NORTHERN CALIFORNIA RECORD

Sunday, December 22, 2024

CAL Supreme Court: USC didn't violate football player's rights by expelling him over assault without chance to face witnesses

State Court
Socal usc

University of Southern California | FASTILY, CC BY-SA 4.0 <https://creativecommons.org/licenses/by-sa/4.0>, via Wikimedia Commons

California law does not grant a former USC football player, when facing physical assault accusations from a female student, the right to face his accuser at a hearing, according to the California Supreme Court.

Matthew Boermeester sought legal recourse from USC and Ainsley Carry, the vice president of student affairs, after a two-month investigation resulted in his expulsion for allegedly violating the private school’s policy against intimate partner violence. Boermeester argued he was deprived of a fair trial because USC denied him “a meaningful opportunity to cross-examine critical witnesses at an in-person hearing.”

Boermeester was a place kicker, who played for the USC Trojans football team for two seasons from 2015-2016.

According to court records, which do not identify the female student, USC’s Title IX office received a report about an incident that occurred in January 2017. In addition to interviewing witnesses the office obtained surveillance video of a physical confrontation outside the woman’s apartment and relevant text messages.According to published reports, Boermeester was accused of pushing the female student against a wall and placing his hands around her neck.

The woman involved in the incident expressed concern about the investigation and attempted to recant statements made to investigators.

A misconduct panel recommended expulsion. An appeals panel agreed Boermeester physically harmed the woman, meeting the standard of intimate partner violence, but didn’t determine the harm was intentional and recommended a two-year suspension and yearlong intimate partner violence program. But Carry said intent wasn’t as much a factor as the nature of the harm inflicted and approved the expulsion.

Los Angeles County Superior Court Judge Amy Hogue denied Boermeester’s petition for writ of administrative mandate.  A split California Second District Appellate Court panel reversed that ruling, as the majority found it was unfair to deny Boermeester the chance to question the woman or witnesses, directly or indirectly, in real time at a live hearing.

Justice Joshua Groban wrote the unanimous opinion on the California Supreme Court’s review of that ruling, filed July 31. The court said it had never applied the relevant statute to disciplinary decisions by a private university, but said its review of Boermeester’s case was appropriate because the common law doctrine of fair procedure “requires a private organization to comply with its own procedural rules governing the expulsion of individuals from the organization, and it permits courts to evaluate the basic fairness of those procedural rules when the organization seeks to exclude or expel an individual from its membership.”
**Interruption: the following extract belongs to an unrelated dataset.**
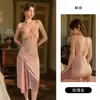 Precioso Atractivo Camisón Sedoso de Encaje sin Espalda con Acolchado en el Pecho, Abertura Larga y Conjunto de Ropa de Casa tipo Camisola 3410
The court compared a student’s interest in completing a college degree to membership in a private, professional organization, to the extent each affects the ability to pursue a specific vocation. The justices said, although private bodies have to provide notice of charges and a meaningful opportunity to be heard, it has never held “any specific or baseline procedures must be followed to satisfy these requirements.”

While the court said private schools “generally know best how to manage their own operations,” it also acknowledged a California law that took effect Jan. 1, 2021, specifying procedures for addressing sexual violence incidents and applying to public and private schools alike. Although that bill postdates the Boermeester allegations, Groban wrote the court took note the law doesn’t make schools “conduct live hearings featuring cross-examination of the accuser and other witnesses.” It also noted 2020 Title IX regulations, while inapplicable to Boermeester, “may be trending towards providing private universities with more flexibility in determining whether to conduct a live hearing.”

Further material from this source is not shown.